- **YOUR TASK**: The line with "29 modern white", the line with "Ashlyn Harris and", and all lines between them in the material below: return these exactly, and no others.
──────────
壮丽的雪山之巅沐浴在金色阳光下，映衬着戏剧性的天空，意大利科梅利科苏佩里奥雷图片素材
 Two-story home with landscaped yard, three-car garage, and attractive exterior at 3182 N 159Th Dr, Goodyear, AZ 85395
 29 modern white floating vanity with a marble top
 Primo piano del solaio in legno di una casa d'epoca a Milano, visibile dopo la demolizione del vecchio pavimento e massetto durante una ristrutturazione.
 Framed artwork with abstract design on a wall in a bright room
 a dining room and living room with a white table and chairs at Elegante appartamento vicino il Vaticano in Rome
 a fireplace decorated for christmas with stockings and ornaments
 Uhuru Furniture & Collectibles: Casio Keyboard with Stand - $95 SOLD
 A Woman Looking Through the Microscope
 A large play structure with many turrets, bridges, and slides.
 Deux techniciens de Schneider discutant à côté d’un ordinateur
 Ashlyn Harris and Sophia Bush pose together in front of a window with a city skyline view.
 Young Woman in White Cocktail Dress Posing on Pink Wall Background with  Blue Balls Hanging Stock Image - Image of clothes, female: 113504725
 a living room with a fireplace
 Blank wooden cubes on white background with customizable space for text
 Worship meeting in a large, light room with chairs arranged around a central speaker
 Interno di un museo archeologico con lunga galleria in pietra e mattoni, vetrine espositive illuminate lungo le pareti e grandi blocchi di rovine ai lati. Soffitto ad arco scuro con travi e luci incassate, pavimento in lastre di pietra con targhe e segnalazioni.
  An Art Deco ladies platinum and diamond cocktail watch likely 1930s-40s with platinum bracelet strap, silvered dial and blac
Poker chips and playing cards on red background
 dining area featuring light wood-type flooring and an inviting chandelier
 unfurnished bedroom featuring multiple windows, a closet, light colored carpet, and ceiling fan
──────────
- **SOLVED EXERCISE**:
 29 modern white floating vanity with a marble top
 Primo piano del solaio in legno di una casa d'epoca a Milano, visibile dopo la demolizione del vecchio pavimento e massetto durante una ristrutturazione.
 Framed artwork with abstract design on a wall in a bright room
 a dining room and living room with a white table and chairs at Elegante appartamento vicino il Vaticano in Rome
 a fireplace decorated for christmas with stockings and ornaments
 Uhuru Furniture & Collectibles: Casio Keyboard with Stand - $95 SOLD
 A Woman Looking Through the Microscope
 A large play structure with many turrets, bridges, and slides.
 Deux techniciens de Schneider discutant à côté d’un ordinateur
 Ashlyn Harris and Sophia Bush pose together in front of a window with a city skyline view.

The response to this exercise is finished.